Kabaddi is known as “Chedugudu” or “Hu Tu Tu” in Southern India. In the Eastern India, it is known as “Chu-Kit-Kit” (Ladies Version) and “Hadudu” (Gents version). In the northern parts of India, it is known as “Kabaddi”. 

In other Asian countries it has other names! In Malaysia it is called “Chedigudu”. In Thailand it is known as “Teechub”. In India’s neighboring countries like Pakistan it is called “Kabaddi”, in Sri Lanka it is known as “Gudu” and in Nepal it is called “Dodo”. All these are essentially the same old Kabaddi but with very minor changes according to the local whims. 
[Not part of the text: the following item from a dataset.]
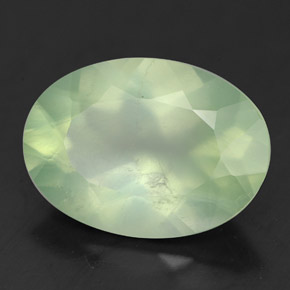5.36 ct Green Prehnite Stone, Natural Prehnite in Oval Facet Shape for Sale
Kabaddi is also played on a fixed time basis. There are many variants of which the following are important: 

v     Surjeevani

v     Gaminee

v     Amar 

Surjeevani Kabaddi: 

This version is recognized by the Kabaddi Federation of India and the game is largely dictated by its rules and regulations. Suppose a player M from Team A during his raid touches player P from Team B, player P is out and he has to go out of the court and sit out. During the return raid, Team B’s player L touches player N of Team A, player N is out and he will go out of the court and sit out. However, this has revived player P of Team A, who will take the court! Reviving an “out” player is the gist of Surjeevani type of Kabaddi. 

Gaminee Kabaddi: 

Unlike “Surjeevani” in this version of Kabaddi, there is no revival. When all the 7 players of a team are out, the game comes to an end. No time frame. All the players of a team should be out. 

Amar Kabaddi: 

Player 7, a raider from Team A raids the court of Team B and in the bargain touches the back of player 2 of Team B. Team A gets a point, but player 2 of Team B remains in court. One point for each touch is awarded and the team, which gets maximum points by the end of the stipulated time, is considered the winner. 

Goongi Kabaddi: 

In this version two players, one each from opposing teams, wrestle with each other.